Markham Nolan | Literary Mercenary
Random header image... Refresh for more!

Moon shines

moonposterbig-02When men landed on the moon in 1969, my Mum was in Irish college in Connemara. The only TV near them belonged to a woman who owned a local shop, and she wouldn’t let them watch the moon landing because she thought it was the world’s greatest act of codology. No man could go to the moon, said she, and being a respected authority on deep space travel, the last word would rest with Bean an tSiopa. The goggle box remained switched off, and so, Mum missed the moon landing.

Dad never mentioned it, so I can only assume it had little impact on him at the time. He would have been 16 years old, probably up to no good, and so otherwise engaged.

I mention my parents and the moon landing because all the furore about the 40th anniversary passed me by, largely because they aren’t around any more to share their stories. Both of them are now up there somewhere among the heavenly bodies themselves.

I also mention them because going to see Moon, (a.k.a. that film by David Bowie’s son who sensibly changed his name) was unexpectedly emotional. Sometimes a film stirs unusually deep-rooted emotions, and Moon, bizarrely is only the second film in ten years to affect me in that way.

Sam Rockwell’s character, a solitary lunar miner, has the rug pulled out from under him, experiencing a deep, deep sense of sudden loss far away from home. Twice, I’ve had the same. I was on a different continent when my parents passed away in 2004 and 2008 respectively, and the combination of that loss and dislocation from home of that magnitude is indescribably unsettling. Granted, I wasn’t on the moon, but the journeys home from Australia and the Caribbean felt long enough.

So there you are, a film about a man mining Helium3 on the moon in a fictitious future that made me think about my parents’ deaths. Funny who you find yourself identifying with.

Moon, incidentally, is a stunning piece of work. It’s a very human sci-fi, none of your glossy phasers-and-lycra Star Trek crap, propped up with wallet-flaming special effects. A more intelligent investment was made in the script and the time spent thinking it up. The grime, context and emotion all seem very plausible and the production is beautiful. Sam Rockwell is a real find, providing a two-for-the-price-of-one performance that I can’t say more about without spoiling things. Matt Berry of IT Crowd fame is in there in a cameo, and Kevin Spacey provides the voice for Gerty, a robot that does a good job of not becoming HAL from 2001. However, the film has a Kubrickian cleanliness, and the lone caretaker going slowly mad (think: Jack Nicholson in The Shining), combined with the retro-futuristic stylings that owe plenty to 2001: A Space Odyssey have opened Jones up to criticism for being more than a tad derivative.

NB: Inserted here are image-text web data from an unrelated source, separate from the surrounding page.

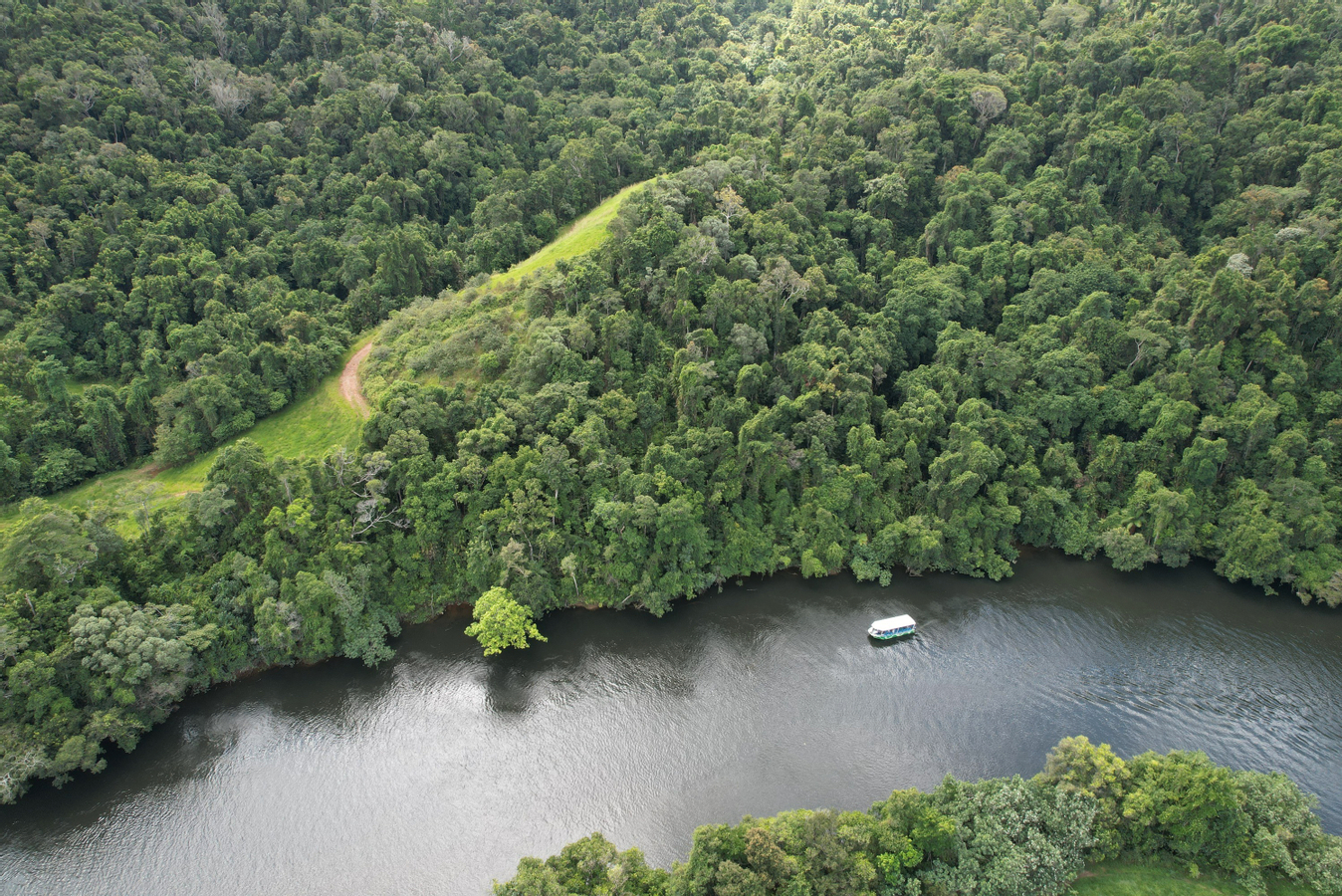 Greater Daintree Wildlife Cruise agcyCGbK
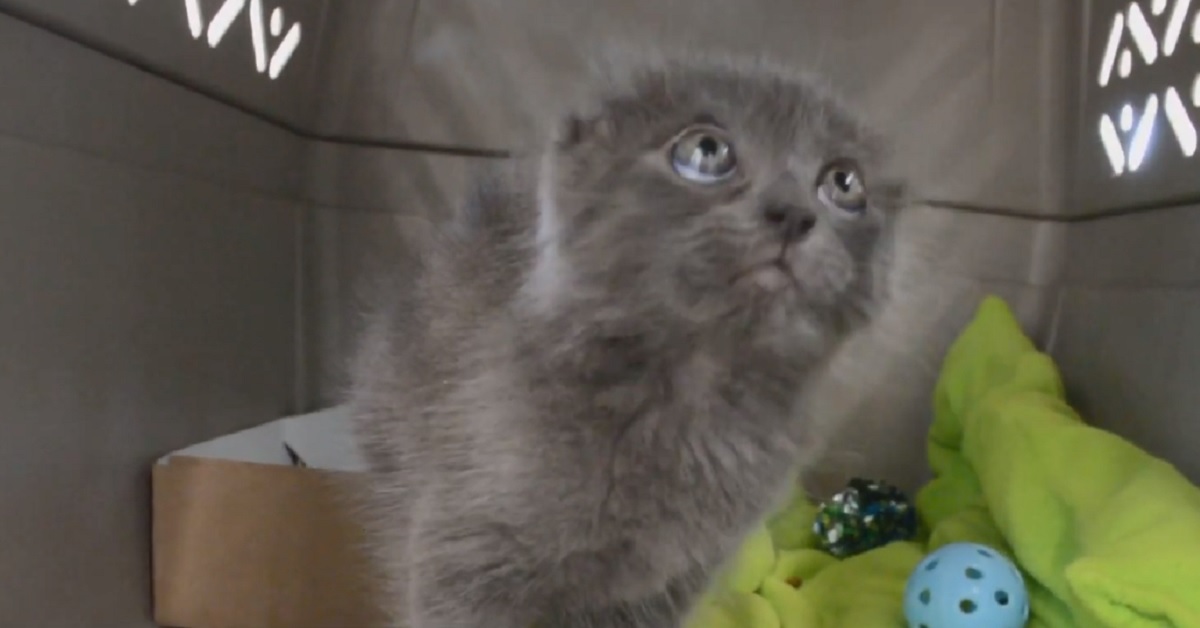 Il gattino di strada viene trovato in condizioni allarmanti, i suoi soccorritori registrano il video del salvataggio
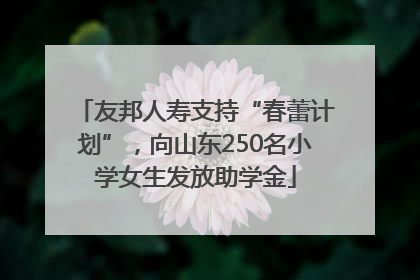友邦人寿支持“春蕾计划”，向山东250名小学女生发放助学金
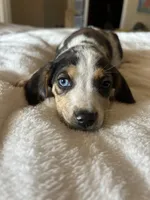 Willow, a female Catahoula Leopard Dog and Beagle for sale in North Little Rock, AR – 2 of 3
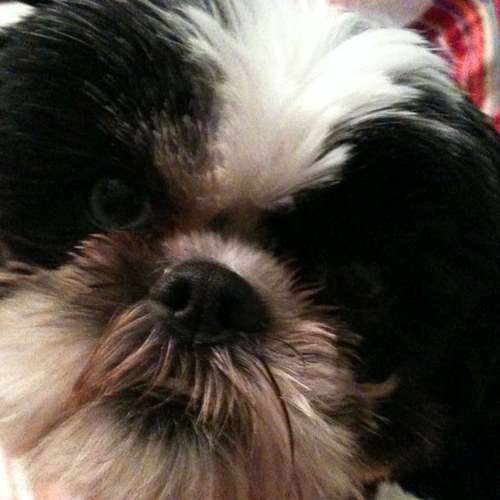 laila_461's profile picture.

Folly. He’s simply one of a tiny minority in the last 15 years who has managed to do sci-fi well without blowing the bank on CGI and big names. $5million for a first-class ticket to the Moon and back? That, my friends, is money well spent.

5 comments

1 Fiona { 07.22.09 at 4:24 pm }

That’s the most compelling recommendation I’ve read in some time. I’m definitely going to see it, so.

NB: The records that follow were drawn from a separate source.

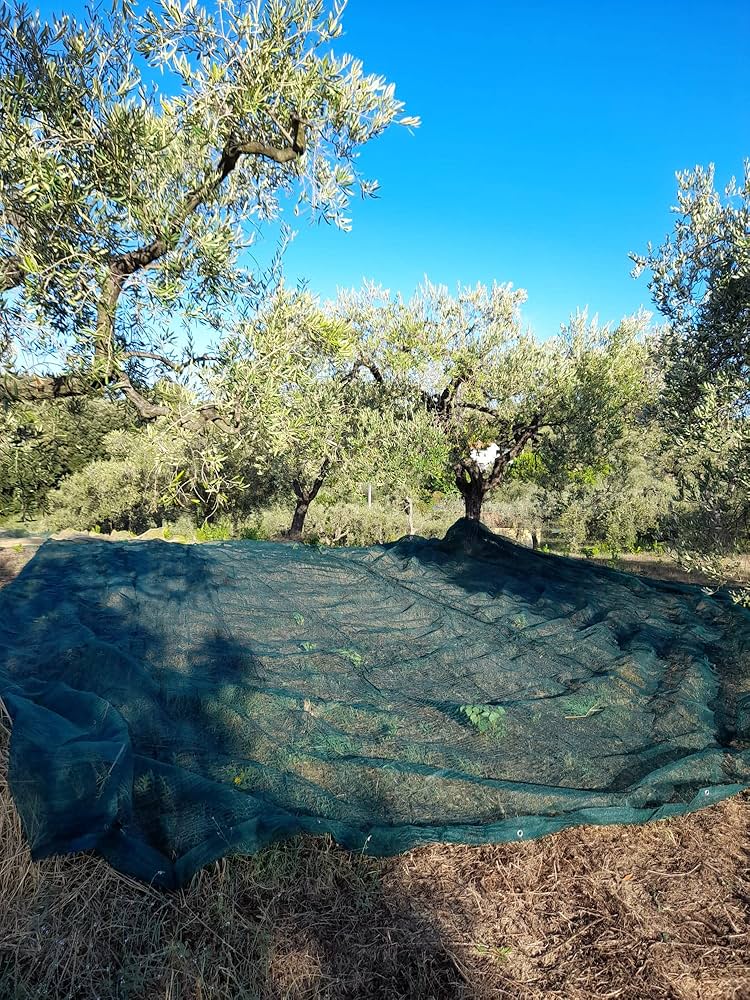 RETE PER RACCOLTA OLIVE 'ANTISPINE' CARDINALE Rotolo h. 4 (Piegato 1 mt) x 100 mt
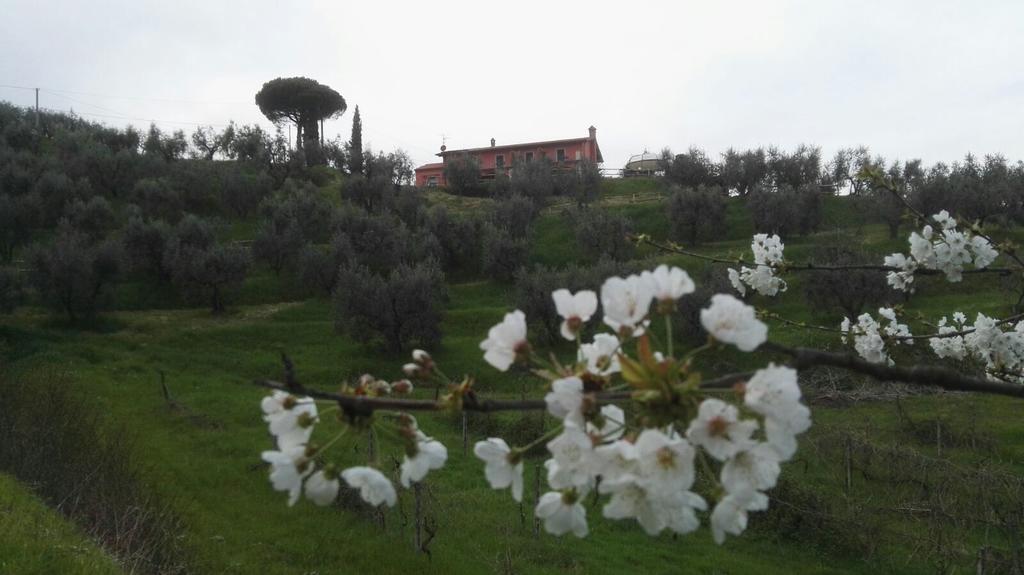 Olivia B&B And Apartment Cantagrillo Экстерьер фото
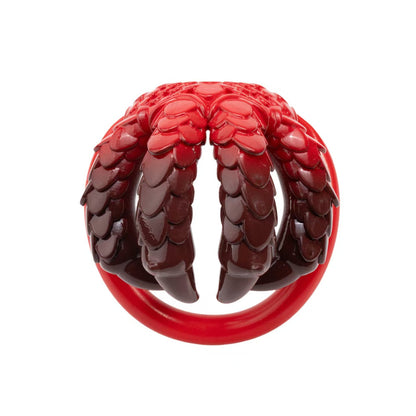 Dragon Claw Four-Color Chastity Cage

2 markhamnolan { 07.23.09 at 4:42 pm }

Thanks for the comment, Fiona. Enjoy, it’s a cracker.

3 Ross McG { 07.24.09 at 1:15 pm }

‘Granted, I wasn’t on the moon…’ – only you can make me want to laugh and cry in the space of a few sentences Mark Ham, good piece. i liked the bit where you talked about that new film that’s out too.

4 Ross McG { 07.24.09 at 1:18 pm }

i almost forgot, what was the other movie to affect you in the same way? you dont have to post the answer if you dont feel like it

5 markhamnolan { 07.24.09 at 2:08 pm }

@Ross: Yeah – it’s a film review in the style of an AA Gill restaurant review, I suppose, eventually getting around to the subject.

American Beauty was the other one, for completely different reasons. For the first 20 minutes I was seriously thinking about getting up and leaving the cinema I felt so uncomfortable.